They just do not understand

A few days ago I was reading a blog about on line friendships and how some just do not seem to understand why we can think of people we never met at friends.

I began on line chatting in 1996. I had two kids in school and lived in the country. Too far for me to have neighbors in for tea or coffee and a chat. I decided to try a chat room that was for those who liked to talk politics. Well, we not only talked politics but we talked about flowers, recipes and kids. We laughed and cried together over many of life's trials and tribulations. We suffered thru divorces and deaths together and celebrated marriages, the births of grandchildren, or children for the younger people. We shared all the funny little things life had to offer.

Along the way we have lost a few.

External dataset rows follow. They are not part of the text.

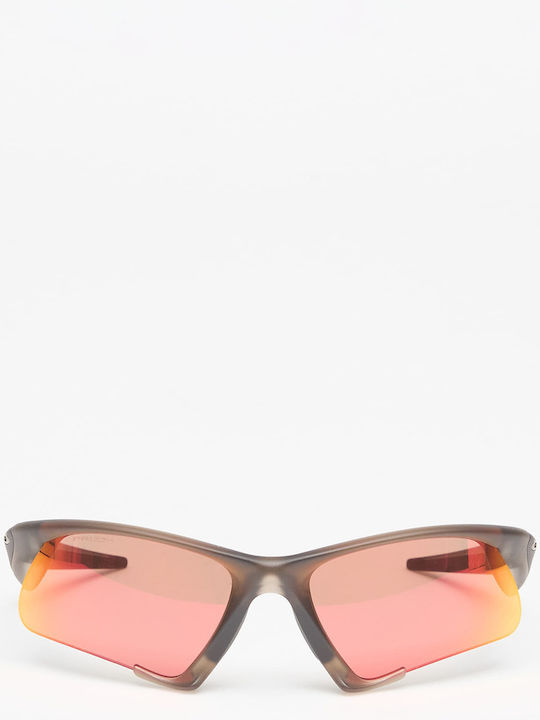 Oakley Herren Sonnenbrille mit Braun Gestell und Rot Linse OO9532-10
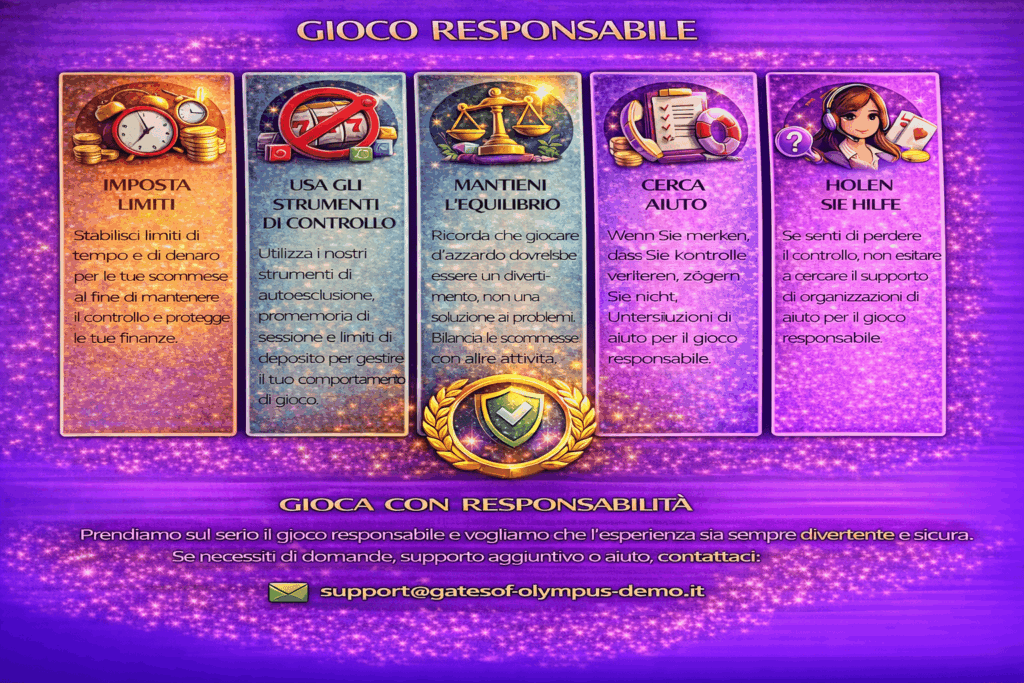 Gioco responsabile imposta limiti usa strumenti di controllo mantieni equilibrio cerca aiuto supporto sempre disponibile
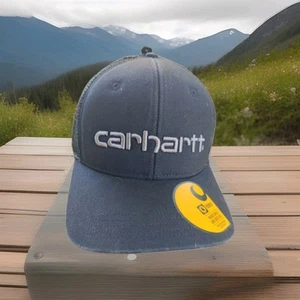 Cappello Carhartt Tela Rete-Back Logo Grafico Nero Snapback Regolabile Esterno - Foto 1 di 9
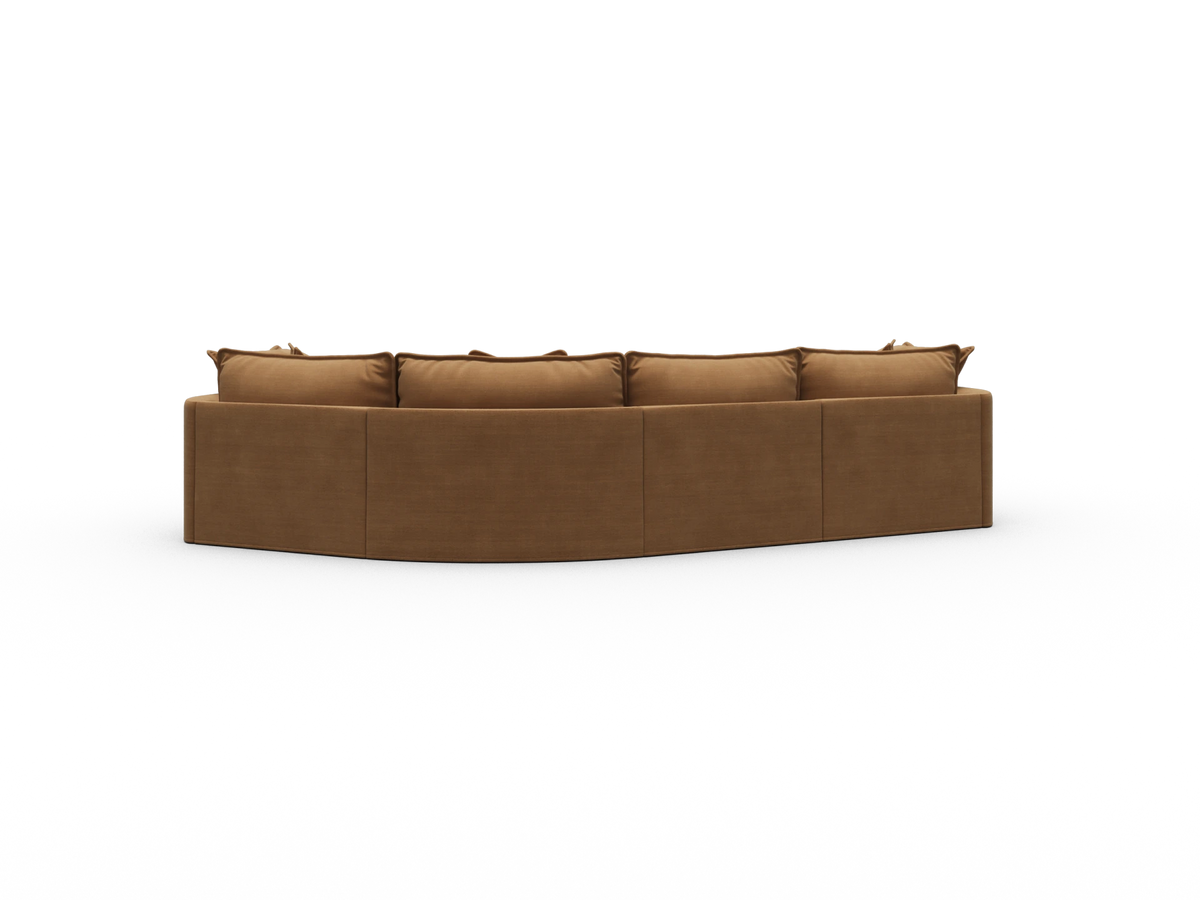 Tamarama Modular Sofa - 4 Sections / Extra Wide / Bronzed Aussie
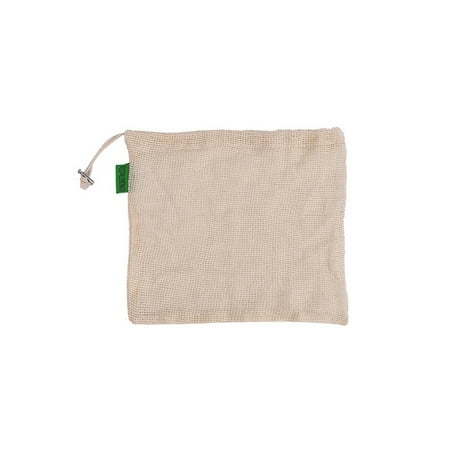 Jeobest Reusable Mesh Bag for Fruit and Vegetables - Reusable Produce Bag - Cotton Reusable Mesh Produce Bag Washable Durable Bag for Storage Grocery Shopping (Medium:13 x 11 inch)
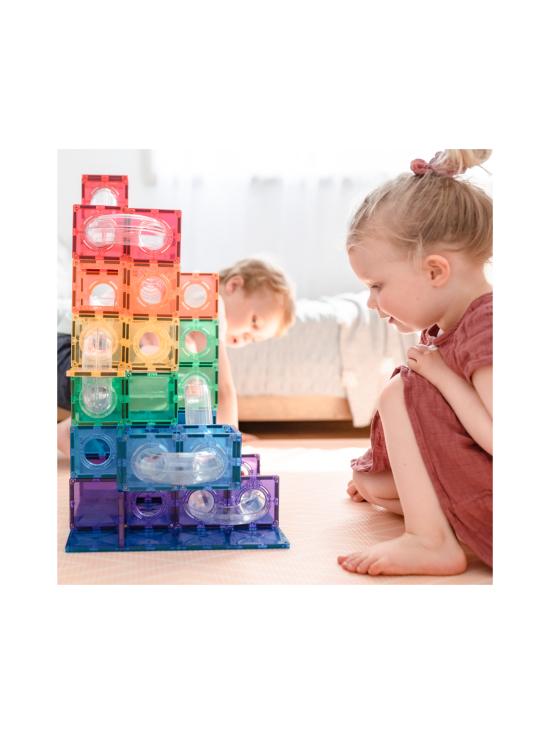 CONNETIX - CONNETIX Magneettinen rakennussarja Rainbow pallorata, 92 osaa | Stockmann - photo 8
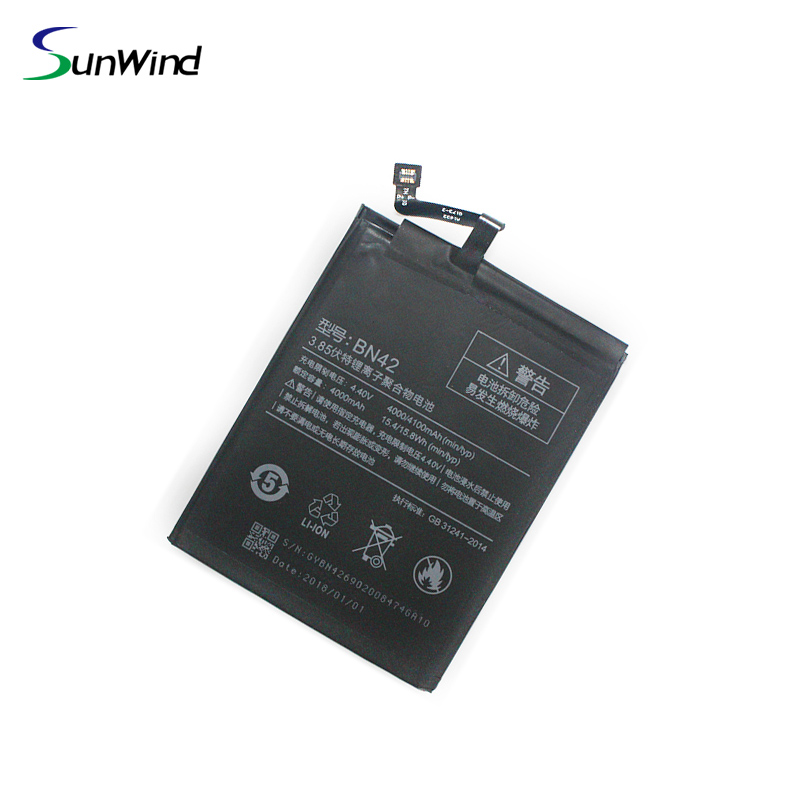 BN42 bateria xiaomi  New mobile phone battery  for Xiaomi redmi Hongmi 4 3.85V 4000mAh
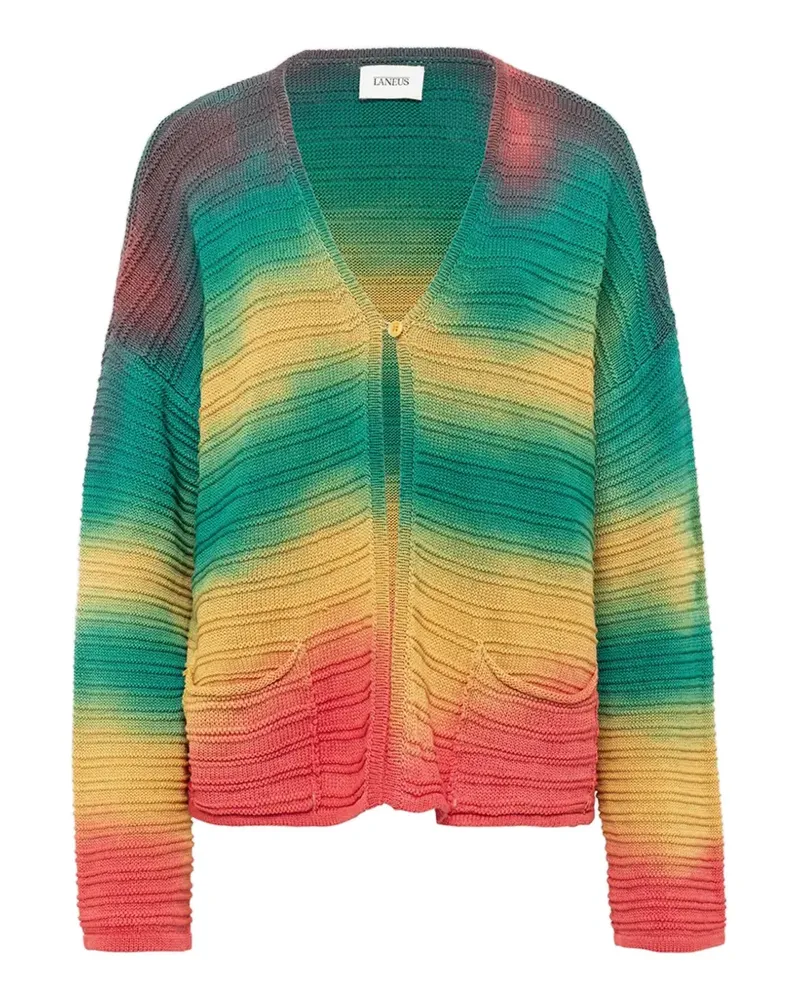 Laneus Cardigan mit Vordertasche - Grün Grün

Each time one died, a family member would log on and tell us then send the obituary to us so we could read it. One of them lost a son and I sent him a poem and he read it at his son's funeral. One day a son of one of the chatters came in and said his dad had passed away suddenly. I knew his dad as a very kind soul who had told us he was a police man. I sent an email to his son telling him how his dad was an inspiration to many of us in chat and about some of the things he posted in there about how much he loved his family and how proud he was of his son. Later, I got an email from his wife. She told me he was a pastor as well as a policeman and she read the letter I had sent at his memorial. That made me feel so good. The man never told me he was a pastor but he sent me many kind words of encouragement and would often send me private messages that were very inspirational to me.

When the chatroom was going to shut down, some of us began searching for a new room. We found one and had it for a few years when we had to move again. Well, we managed to move together a third time but we are still going strong and have added others along the way.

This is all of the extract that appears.